Senin, 03 Agustus 2015

Akal Sehat

Akal Sehat

Bre Redana ;   Wartawan Senior Kompas
                                                       KOMPAS, 02 Agustus 2015      

                                                                                                                                                           
                                                                                                                                                           

Anak-anak terutama dari kalangan berkecukupan yang sehari-hari berbahasa Inggris tidaklah perlu dioposisikan dengan nasib bahasa Indonesia, baik sebagai bahasa persatuan maupun ekspresi jati diri bangsa. Biarlah anak-anak manis itu berbahasa Inggris entah dengan grammar yang rapi atau berlepotan, dan membuat bangga orangtua yang tak paham kaidah bahasa. Yang perlu lebih dikhawatirkan, baik pada anak-anak maupun orangtua bahkan, adalah hilangnya common sense atau kita sebut secara sederhana: akal sehat.

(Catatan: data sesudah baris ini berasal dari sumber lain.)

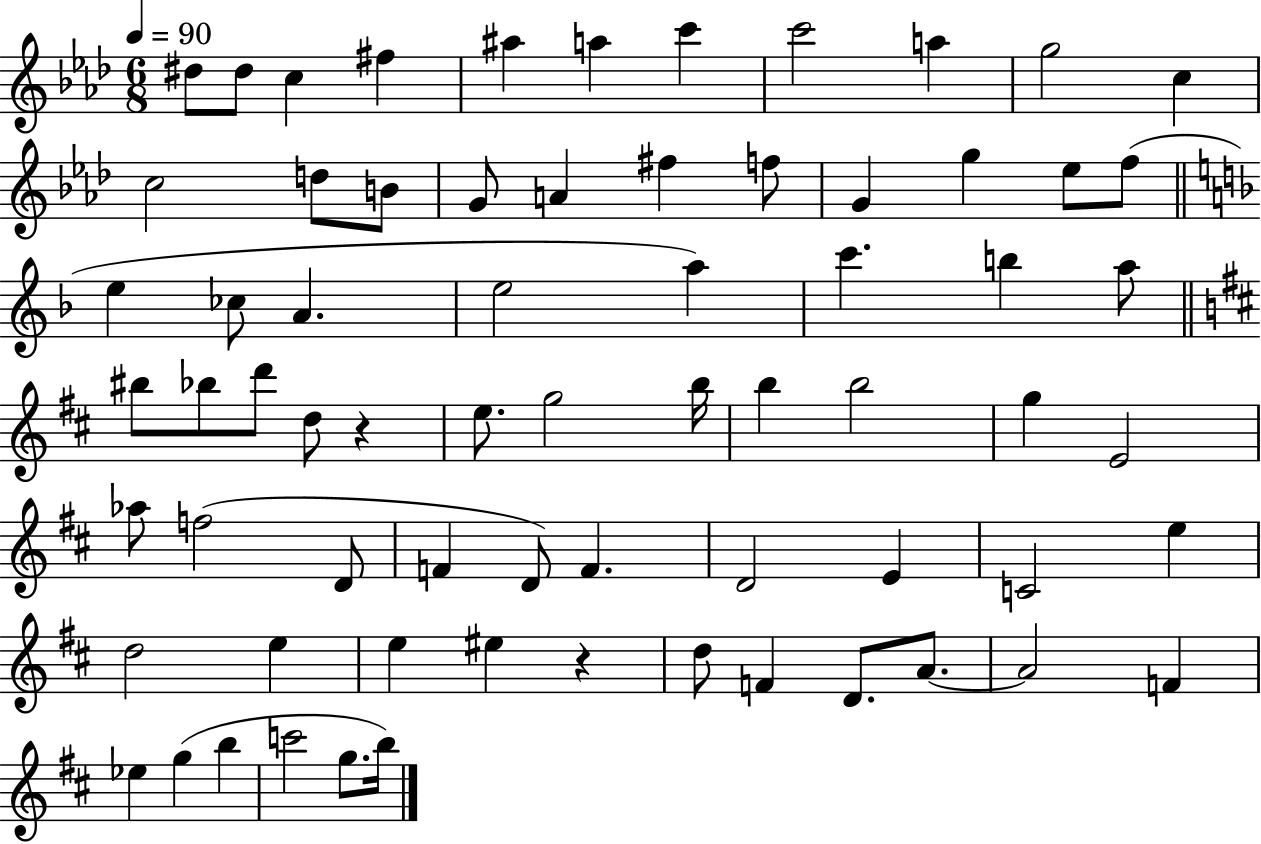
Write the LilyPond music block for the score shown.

{
  \clef treble
  \numericTimeSignature
  \time 6/8
  \key aes \major
  \tempo 4 = 90
  \repeat volta 2 { dis''8 dis''8 c''4 fis''4 | ais''4 a''4 c'''4 | c'''2 a''4 | g''2 c''4 | \break c''2 d''8 b'8 | g'8 a'4 fis''4 f''8 | g'4 g''4 ees''8 f''8( | \bar "||" \break \key f \major e''4 ces''8 a'4. | e''2 a''4) | c'''4. b''4 a''8 | \bar "||" \break \key d \major bis''8 bes''8 d'''8 d''8 r4 | e''8. g''2 b''16 | b''4 b''2 | g''4 e'2 | \break aes''8 f''2( d'8 | f'4 d'8) f'4. | d'2 e'4 | c'2 e''4 | \break d''2 e''4 | e''4 eis''4 r4 | d''8 f'4 d'8. a'8.~~ | a'2 f'4 | \break ees''4 g''4( b''4 | c'''2 g''8. b''16) | } \bar "|."
}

Soal bahasa yang terucap, kalau Anda kenal para ahli semiologi, tidaklah seberapa dibanding aspek komunikasi secara keseluruhan. Bahasa Jawanya: ora sepiroo. Roland Barthes, yang tulisannya berjudul The Death of the Author banyak dikutip orang yang ingin kelihatan pintar, pasti juga akan mengatakan kecilnya persentase linguistik. Dalam keseluruhan komunikasi manusia tersertakan hal-hal lain, seperti simbol, kode, tanda, citra, bahasa tubuh, suara musik, obyek, dan lain-lain berikut asosiasi yang kompleks dari itu semua. Seribu kali ucapan I love you dari cewek di Plasa Senayan, barangkali tidak semenyentuh dibanding kata yang terucap sekali seumur hidup dari seorang wanita kepada pasangannya, dalam bahasa Jawa pula: tresno. Bayangkanlah, ruang dan waktu terpadatkan di situ. Dunia berhenti bergerak.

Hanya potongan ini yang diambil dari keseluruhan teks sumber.